Other laureates this year include Stéphane Bancel of Moderna, Albert Bourla of Pfizer and Alex Gorsky of Johnson & Johnson. The three CEOs will receive the 2022 Bower Award for Business Leadership for their roles in helping develop each company’s respective COVID-19 vaccine. All three men will receive a $250,000 prize and a gold medal.

“These achievements come at a critical time for us all,” Franklin Institute President and CEO Larry Dubinski said. “If there is anything the COVID-19 pandemic has taught us — it is that science matters. We are proud to continue the Franklin Institute’s longtime tradition of recognizing individuals for their contributions to humanity.”

Founded in 1824, the Franklin Institute Awards have honored over 2,000 scientists, engineers and inventors from across the world. Previous winners have included Thomas Edison, Albert Einstein, Nikola Tesla and Jane Goodall.

Weissman is an infectious disease expert and professor of vaccine research at Penn’s Perelman School of Medicine. Karikó is an adjunct professor of neurosurgery at the school and a senior vice president at BioNTech.

The two scientists helped engineer modified mRNA technology used in the COVID-19 shots created by Pfizer-BioNTech and Moderna. The synthetic mRNA technology instructs cells to make copies of the coronavirus’s spike protein, generating an immune response. The two vaccines have been deployed across the globe to combat the ongoing public health crisis.

Karikó’s path to scientific success was far from easy. She had to escape Communist Hungary for the U.S. with her husband and daughter in the 1980s after she had been fired from a research position. Even after arriving at Penn, Karikó struggled to obtain sufficient grant funding for her mRNA research and, at one point, was demoted.

Weissman and Karikó began investigating mRNA technology during the 1990s as a possible therapeutic to prevent infectious diseases.

At first, studies found that synthetic mRNA caused too much inflammation and was destroyed by the body’s immune system before it could reach its intended targets.
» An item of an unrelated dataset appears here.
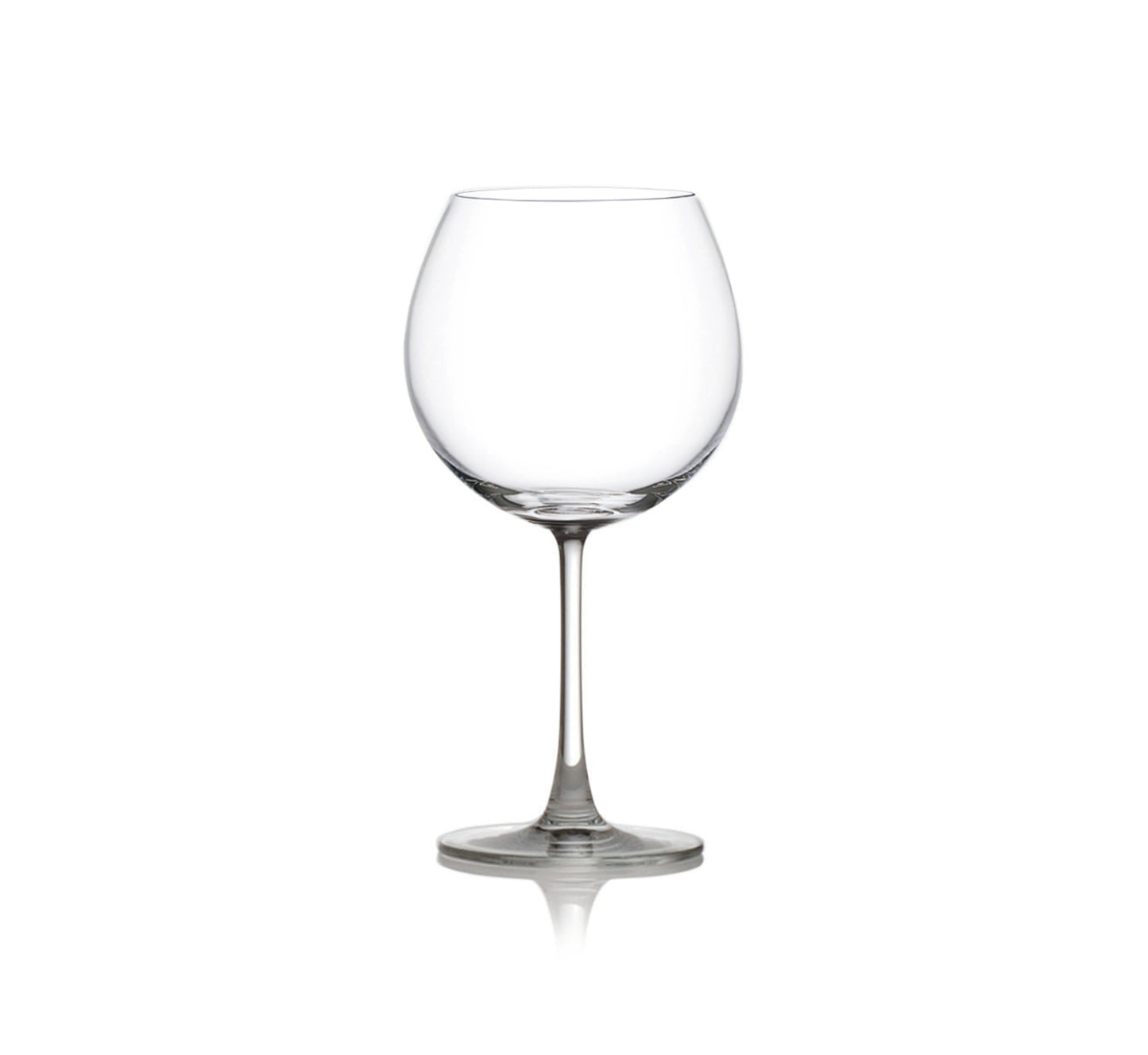 MADISON - BURGUNDY - 65CL (24) (Ocean)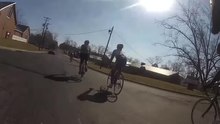 File:Cycling in Alabama.webm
It was not safely and effectively producing strong immune responses.

The body was identifying one of the four molecular building blocks of synthetic mRNA, known as nucleosides, as an intruder. To fix this, the scientists altered the problematic nucleoside in a way that allowed synthetic mRNA to slip by the body’s defense system. 

In 2005, Weissman and Karikó published this research, demonstrating that mRNA technology could be modified to serve as a therapeutic for infectious diseases and effectively reach its intended targets.
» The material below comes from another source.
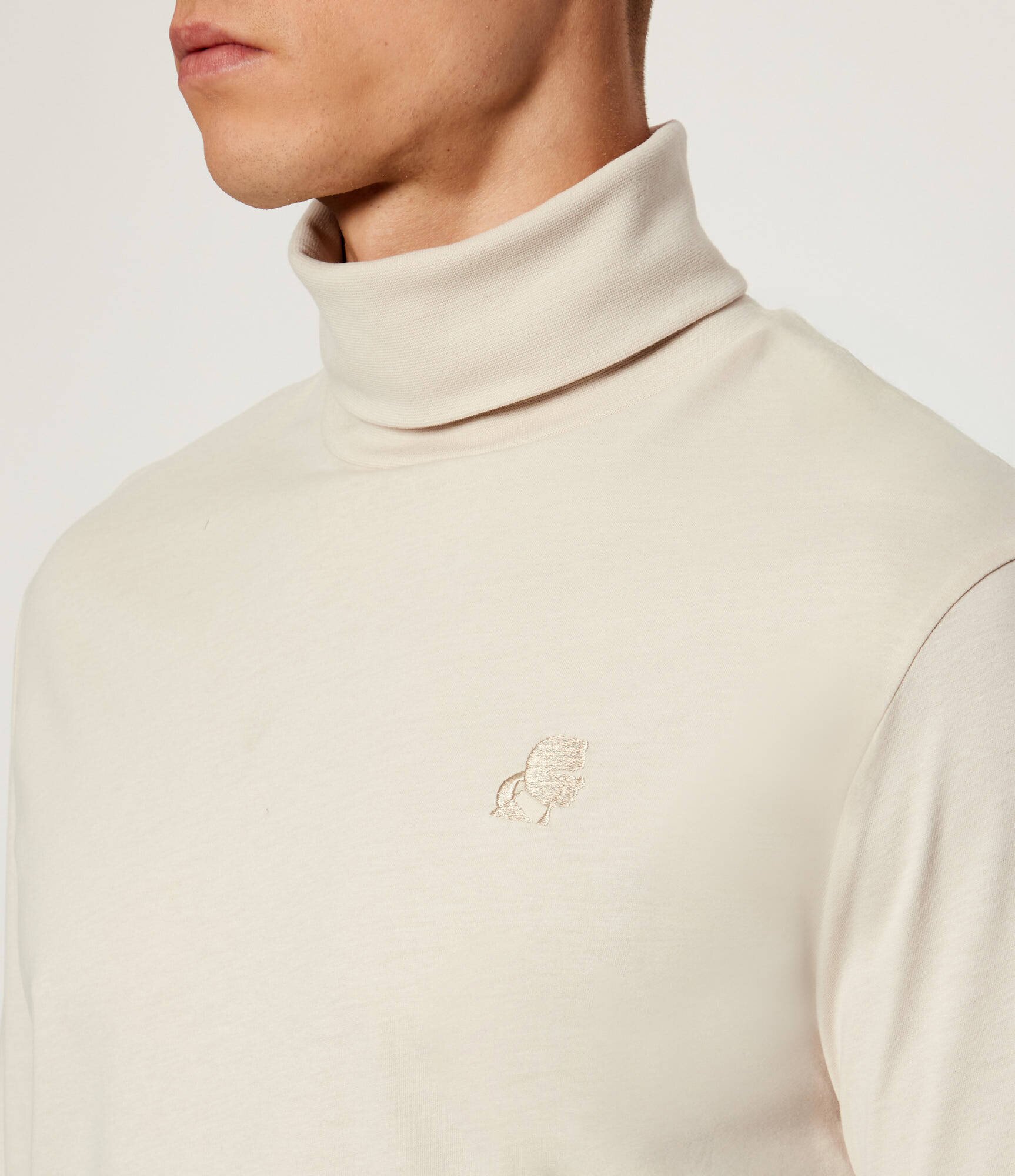 Karl Lagerfeld Maletă | regular fit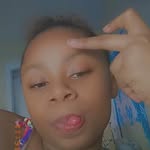 Madisyn Harris - @madisyn.harris2028 - Instagram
Researchers are hopeful that mRNA technology may be used for future vaccines and treatments for pathogens such as malaria, HIV, cancer and influenza, as well as a wide range of coronaviruses. 

Weissman and Karikó were awarded the $3 million Breakthrough Prize in Life Sciences, the world’s largest in the field of science, in September.

Both scientists also recently have been honored with the Princess of Asturias Award and the Albany Medical Center Prize in Medicine and Biomedical Research.